# work in Australia



## hawarisido (Feb 13, 2014)

Hello my friends
I'm Sido from America and in the past I lived in Australia and I want to back it to work
I want a job there.
I want the names of the companies for working out
please.


----------



## Engaus (Nov 7, 2013)

No one can give you names of companies. You have to look for jobs on employment websites like seek etc. 

But before doing that go into the immi website and see if you qualify for a visa


----------



## Joe_Black (Feb 13, 2014)

Yeah, "seek" is a good suggestion, you can also try:

- Jobs, Employment & Careers @ MyCareer 
- Job Search, Upload your Resume, Find employment - CareerOne

I have a few friends who found job thanks to these two websites, so good luck, hope you will find a proper job soon.


----------



## fabio79 (Jan 3, 2014)

Hope you don't need an IELTS test


----------



## gd_ait (Jan 20, 2014)

All the best Sido.


----------



## emilsandstrom (Mar 9, 2014)

Hello!
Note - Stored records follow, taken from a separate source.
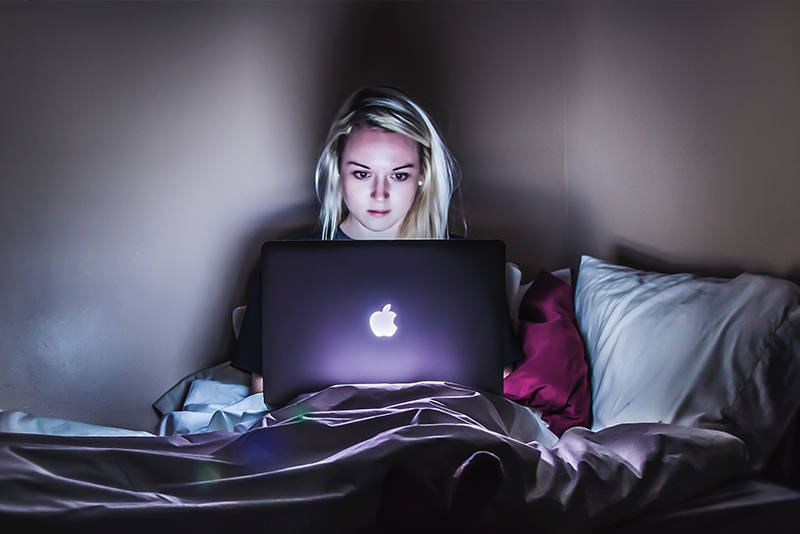 ผู้หญิงนอนอยู่บนเตียงมองไปที่หน้าจอแล็ปท็อปที่ส่องแสง
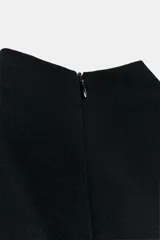 Vestido corto negro de cuello subido y sin mangas, con detalle de fajín drapeado en la cintura y caída lateral asimétrica.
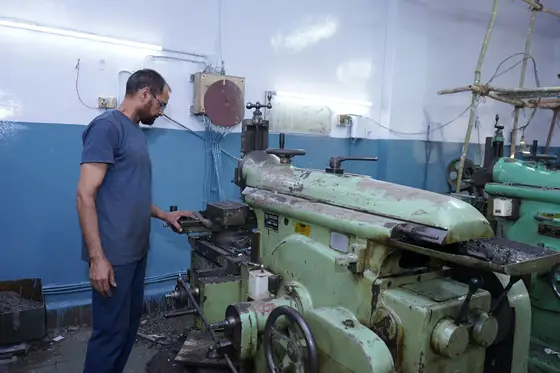A lathe on the TCR Engineering machine shop floor, cutting a test specimen from a client sample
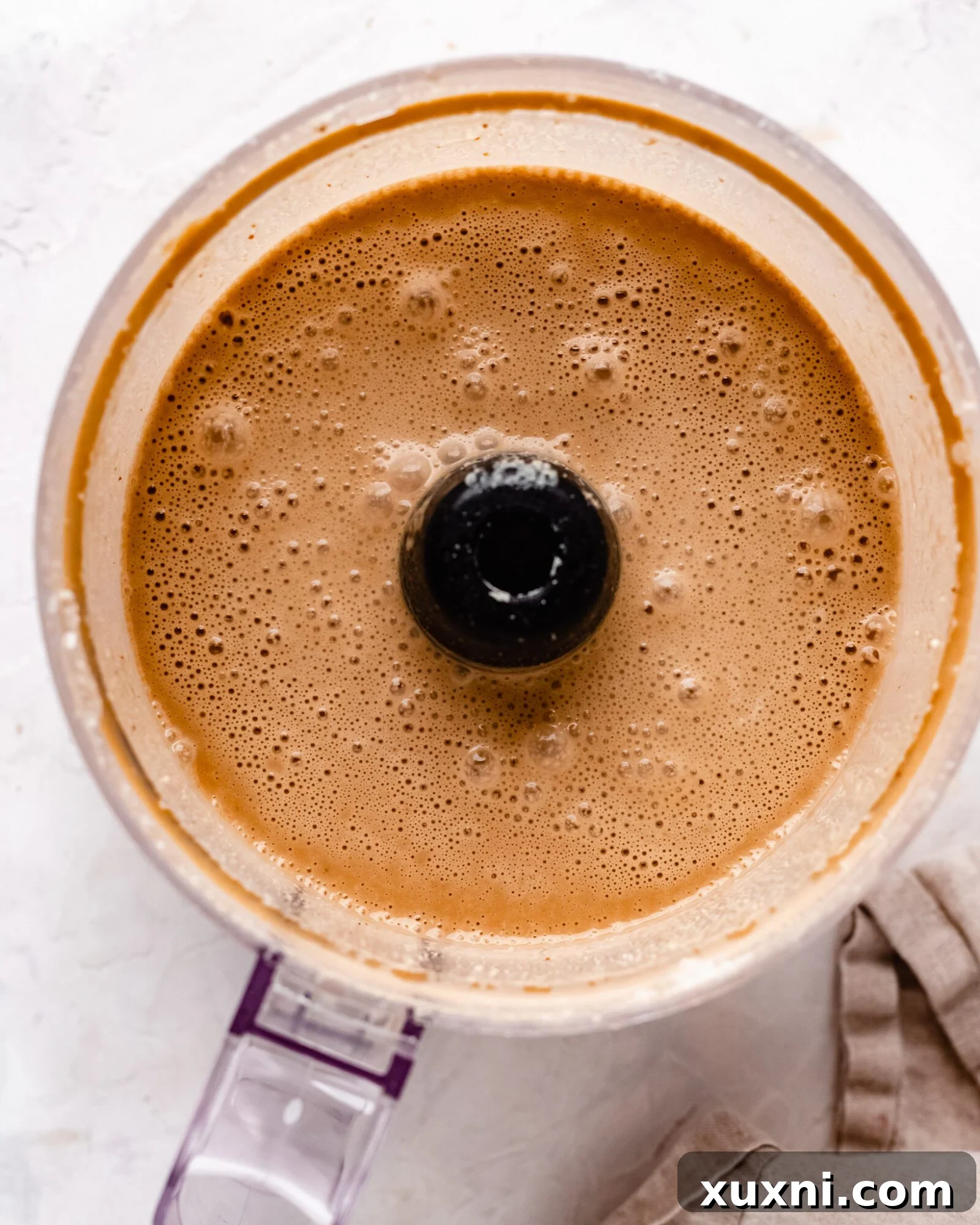 Cashew milk ice cream ingredients blending in a food processor.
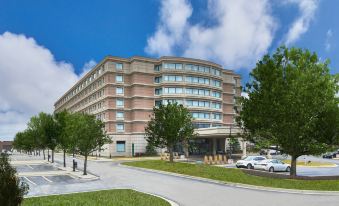 a large building with many windows is surrounded by trees and cars in the lot at Renaissance Chicago Glenview Suites Hotel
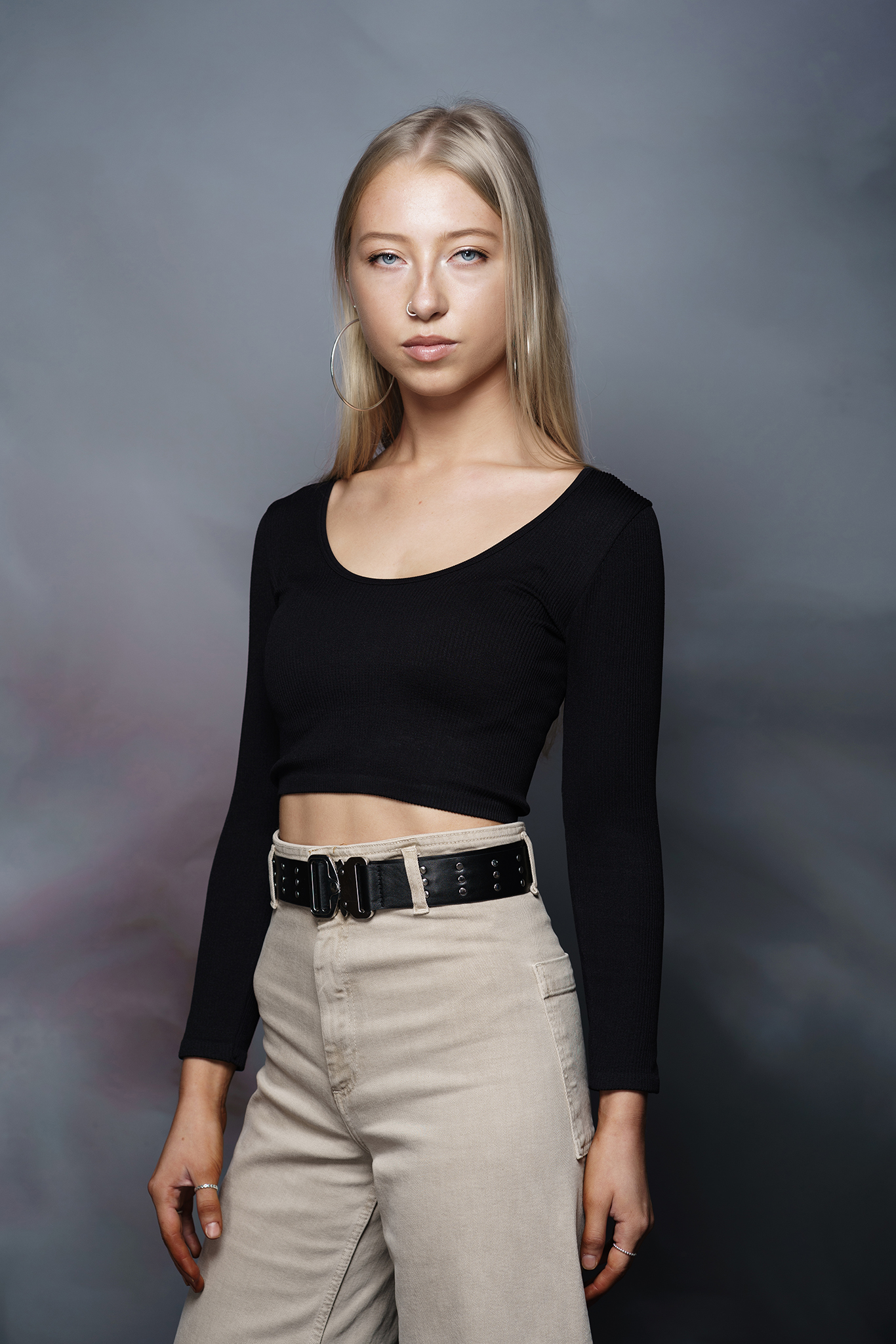 blonde model portfolio shot with grey background by Portrait photographer Preston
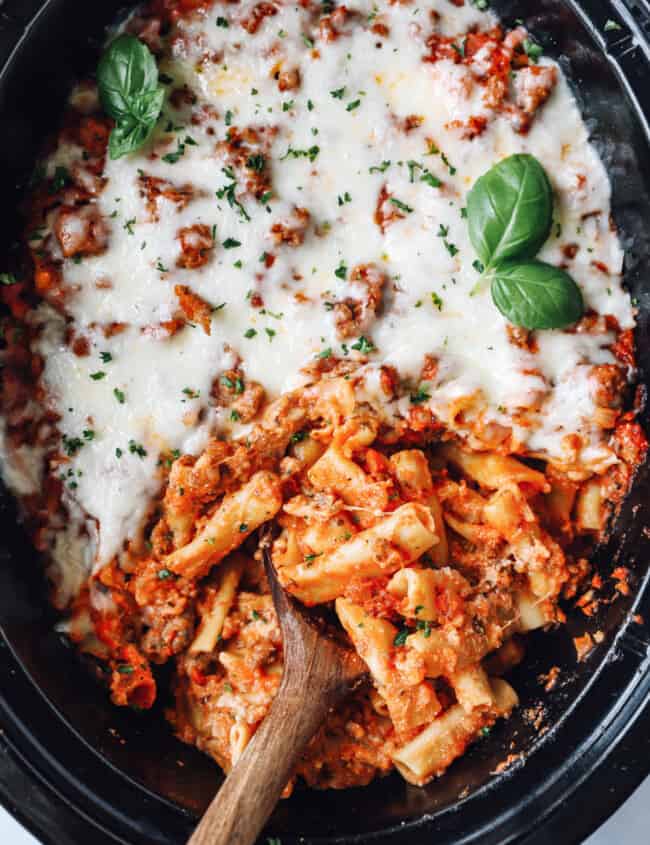 crockpot baked ziti in a crockpot with a wooden spoon.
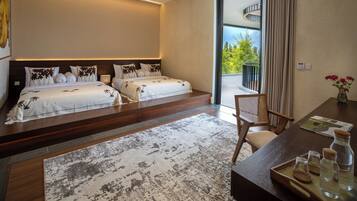 Una habitación de hotel moderna con dos camas, un ventanal grande, un balcón y un escritorio de madera con una bandeja de botellas.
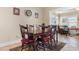 Bright dining area with a charming wooden table and six chairs at 1511 25Th Ave. N, North Myrtle Beach, SC 29582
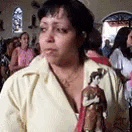 a woman in a yellow shirt is holding a statue of jesus in a church .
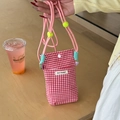 Detail of red gingham phone bag featuring pink woven strap and yellow spherical buckle - Red Plaid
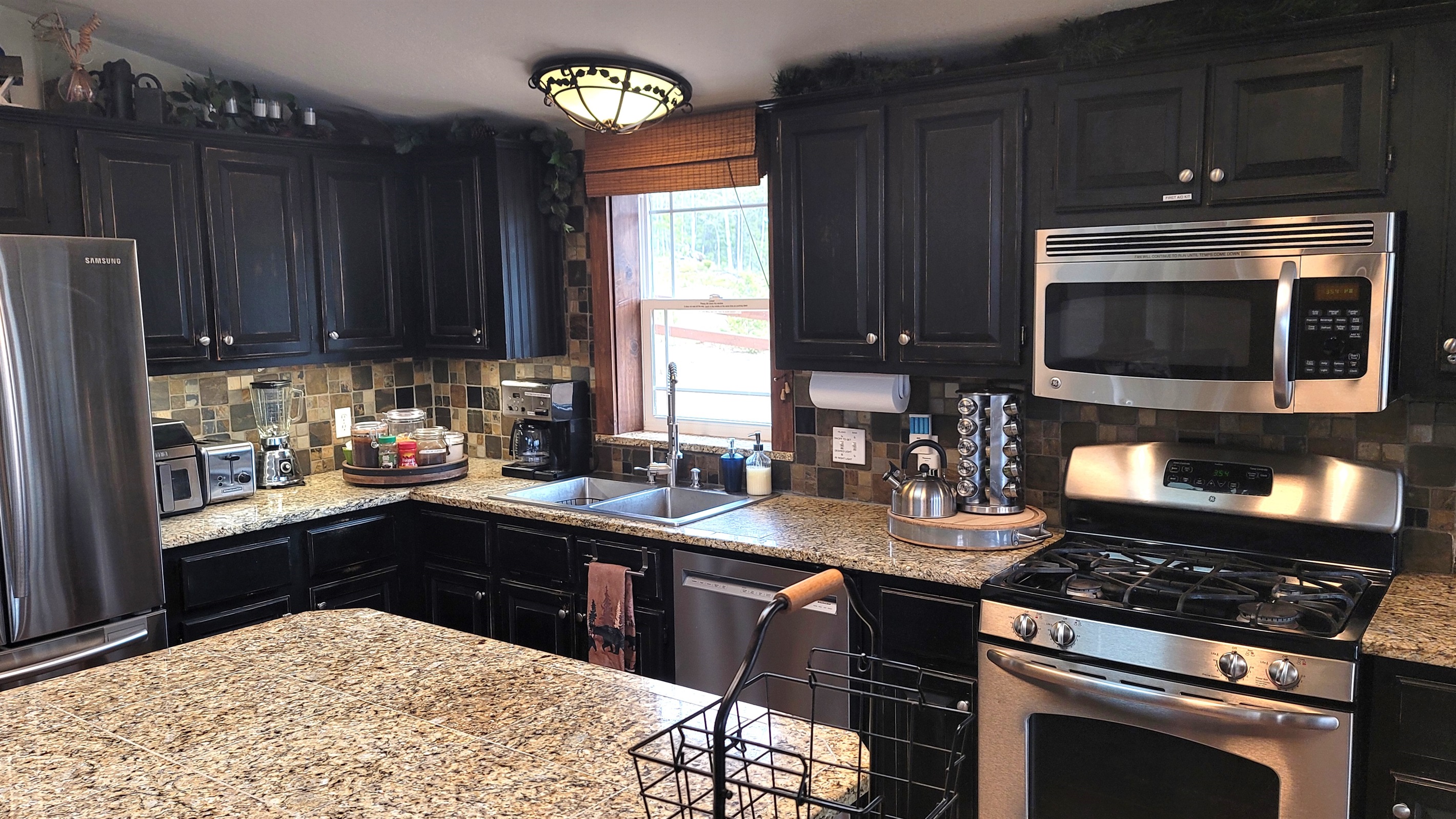 Full kitchen with Island, Airfryer, toaster, blender, standard coffee maker with reusable gold filter, dishwasher, gas stove/oven, double stainless steel sink, assortment of spices, coffee, sugar, creamer, teas provided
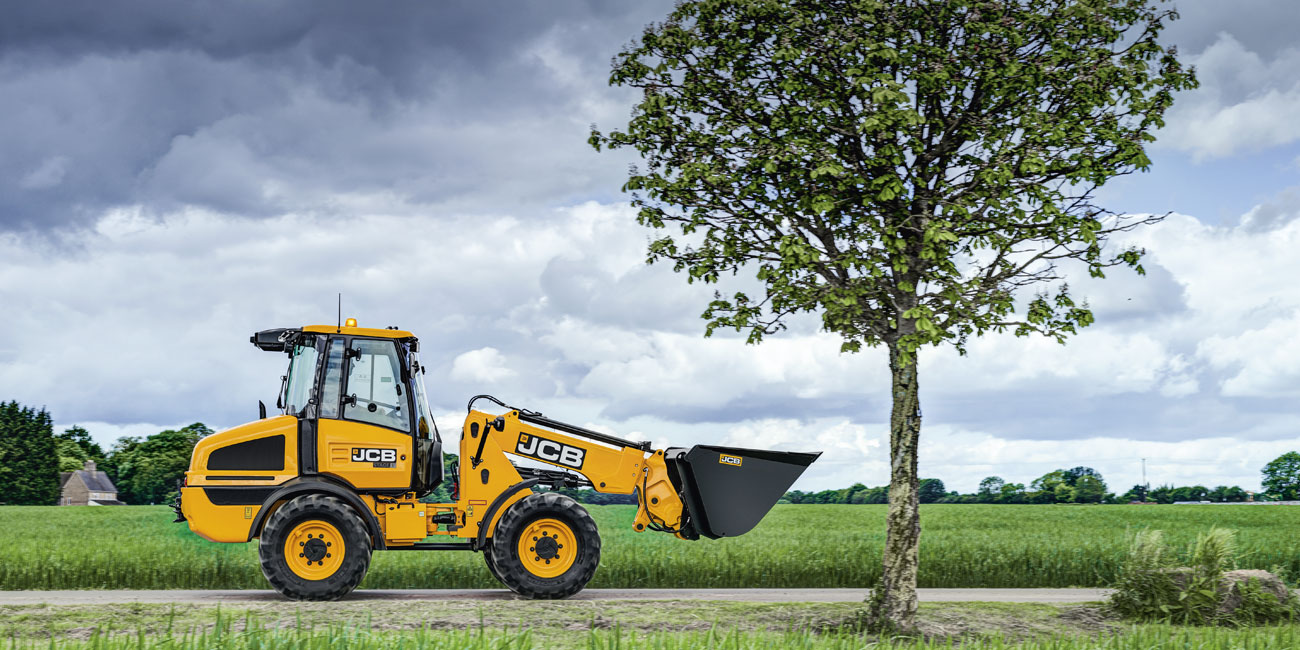 JCB Telescopic Wheel Loader driving past a tree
I would recommend you to have a look at gumtree, indeed and other similar website. The you might find what you are looking for.


----------



## fabrizio (Mar 21, 2014)

Hi i am new in this forum and i have the australian dream  i am going to Perth on september/october. Is it difficult to find a job in farm in that time? What are the requirement? Thanks


----------



## Joe_Black (Feb 13, 2014)

fabrizio said:


> Hi i am new in this forum and i have the australian dream  i am going to Perth on september/october. Is it difficult to find a job in farm in that time? What are the requirement? Thanks


I haven't worked in a farm so far, but I am sure there are a lot of forums where people share their experience, so you can learn more about the situation, hopefully you will find a job pretty easily and your Australian dream will soon come true


----------



## precious_chua (Jun 10, 2013)

hawarisido said:


> Hello my friends
> I'm Sido from America and in the past I lived in Australia and I want to back it to work
> I want a job there.
> I want the names of the companies for working out
> please.


i recommend using google.


----------



## simbhu93 (Apr 22, 2014)

*simbhu*

Hi, I am simbhu from India. I would like to do Masters in civil engineering and i got seat in university of western australia. But i need some information regarding working over there. can you please help me out ?
how much ielts band is required to get work after masters ?


----------